Even with the OTT platforms and YouTube, there is a personalized feed that pops up and people tend to refer to that mostly. It’s crazy how involuntary that action has become, where in you just click on something that pops up on your home screen.

There is this YouTube channel called College Humor that did an interesting take on this. On their Facebook page, they put out a video titled, “I dare you to watch this”. The whole video was just one person talking to the camera asking the people watching this, to complete the whole thing and to ignore their instinct to scroll. 2 minutes into the video, I could feel an intense pressure out of nowhere to just end the video and go on scrolling. That’s when it hit me that this was a break in the pattern i.e. the continuous scrolling and pausing by each post for 30 seconds.

With the pandemic raging around us, a lot of us are online for various reasons and just endlessly scrolling through Instagram or twitter is the norm. There is no meeting people anymore, so the phone becomes our portal. And its also a fact, we are over bundled with information on a daily basis. So its not uncommon to feel numb after an hour of scrolling through Instagram.

In an effort to rid myself of all the distractions, I put my phone away and deleted all social media apps except WhatsApp to avoid the convenience of opening the apps with one simple click. Next, I opened a book on my Kindle and just started to read.

At the beginning it seemed like the worst idea ever. All I could think about what memes I was missing, what trends I missed, and all the DM’s about my incredibly funny story that I posted. Its funny how your mind starts to justify things during an addiction. Like all I could think were excuses like “Oh I’ll just install it to check my messages, my friends will think it’s rude if I don’t reply to messages” or I’ll just open it for 15 minutes while I wait for this person to return my call.

None of those reasons were valid however, it was just attempts to go back to the Pattern. But at the same time, one reason I kept redirecting my mind to was the clarity that being off your phone would bring me, and the relief of crossing off a few books off my list.
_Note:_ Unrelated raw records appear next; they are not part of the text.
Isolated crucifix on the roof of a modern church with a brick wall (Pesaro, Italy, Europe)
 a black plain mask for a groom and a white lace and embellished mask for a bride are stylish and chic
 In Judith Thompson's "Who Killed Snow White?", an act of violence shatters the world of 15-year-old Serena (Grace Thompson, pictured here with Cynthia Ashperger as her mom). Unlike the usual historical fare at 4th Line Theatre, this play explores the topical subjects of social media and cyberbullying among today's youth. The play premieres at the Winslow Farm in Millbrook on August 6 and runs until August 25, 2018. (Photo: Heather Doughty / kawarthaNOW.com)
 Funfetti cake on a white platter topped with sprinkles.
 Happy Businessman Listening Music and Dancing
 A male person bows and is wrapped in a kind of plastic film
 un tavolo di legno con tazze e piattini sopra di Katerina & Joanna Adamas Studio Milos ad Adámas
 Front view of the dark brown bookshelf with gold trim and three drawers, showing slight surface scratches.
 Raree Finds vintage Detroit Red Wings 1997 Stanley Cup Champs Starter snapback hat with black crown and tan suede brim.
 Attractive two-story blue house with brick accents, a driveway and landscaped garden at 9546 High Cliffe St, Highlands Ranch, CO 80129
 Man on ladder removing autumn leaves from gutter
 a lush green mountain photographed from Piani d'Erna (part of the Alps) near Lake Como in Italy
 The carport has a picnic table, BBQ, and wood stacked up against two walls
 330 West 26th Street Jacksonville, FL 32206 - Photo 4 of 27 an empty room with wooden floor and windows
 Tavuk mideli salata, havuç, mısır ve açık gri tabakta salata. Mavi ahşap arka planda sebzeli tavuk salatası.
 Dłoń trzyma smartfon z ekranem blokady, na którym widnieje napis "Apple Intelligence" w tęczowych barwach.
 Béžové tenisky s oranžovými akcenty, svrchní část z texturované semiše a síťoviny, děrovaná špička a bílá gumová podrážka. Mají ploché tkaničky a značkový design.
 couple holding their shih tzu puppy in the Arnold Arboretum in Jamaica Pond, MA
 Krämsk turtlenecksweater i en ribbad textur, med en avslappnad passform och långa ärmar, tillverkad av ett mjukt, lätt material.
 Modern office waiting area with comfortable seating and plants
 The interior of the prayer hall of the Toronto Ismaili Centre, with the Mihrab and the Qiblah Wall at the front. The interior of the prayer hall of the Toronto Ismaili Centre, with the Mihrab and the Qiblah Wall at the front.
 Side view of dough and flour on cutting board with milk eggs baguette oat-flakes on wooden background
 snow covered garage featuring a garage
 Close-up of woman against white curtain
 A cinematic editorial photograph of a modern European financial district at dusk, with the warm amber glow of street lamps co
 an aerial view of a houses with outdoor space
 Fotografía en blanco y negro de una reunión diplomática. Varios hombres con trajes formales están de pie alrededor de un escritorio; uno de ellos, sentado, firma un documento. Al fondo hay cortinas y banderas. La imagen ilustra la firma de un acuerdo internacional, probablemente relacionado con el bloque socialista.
At the beginning, I started small with reading 20 pages everyday. Post the 20 pages, I would sit and think about what I read and just sit with that feeling for a bit. The trick was to avoid jumping on Instagram right after reading, because again that would create a pattern of reading fast, thinking all about how I’d be using Instagram after that. I’ve never smoked a cigarette in my life, but at the moment I related to some of my chain-smoker colleagues that would reward themselves with a cigarette after 1–2 hours of working.

Part of what helped me get back into reading was also the book. I started this absolutely beautiful book called “Elanor Oliphant is Completely Fine” . The book was about this woman called Elanor who lives in Dublin all alone in a flat. She works at an accounting firm, and most of her life, she’s been alone and she’s convinced herself to be okay with it. What changes however, is when she finds herself in love with someone and when she ends up making friends with one more person, Raymond. The way this book has been written is absolutely beautiful and it addresses the root of what makes human existence beautiful aka love, friendship, experiences. The author argues that even though the world right now allows us to exist without opening yourself to none of those, its recommended that you do.

Reading books for me, as a child was often to distract myself from some of the situations I found myself in. Before I was 10 years old, I had 3 operations, one painful skin disease and multiple days of pain. Reading transported me into worlds the author created for me and go on a journey with these characters. As Sheldon Cooper rightly puts it, the world’s strongest graphic chip is your imagination. With the pandemic raging on and a heap of uncertainty around, a little journey with a really nice book wouldn’t hurt would it?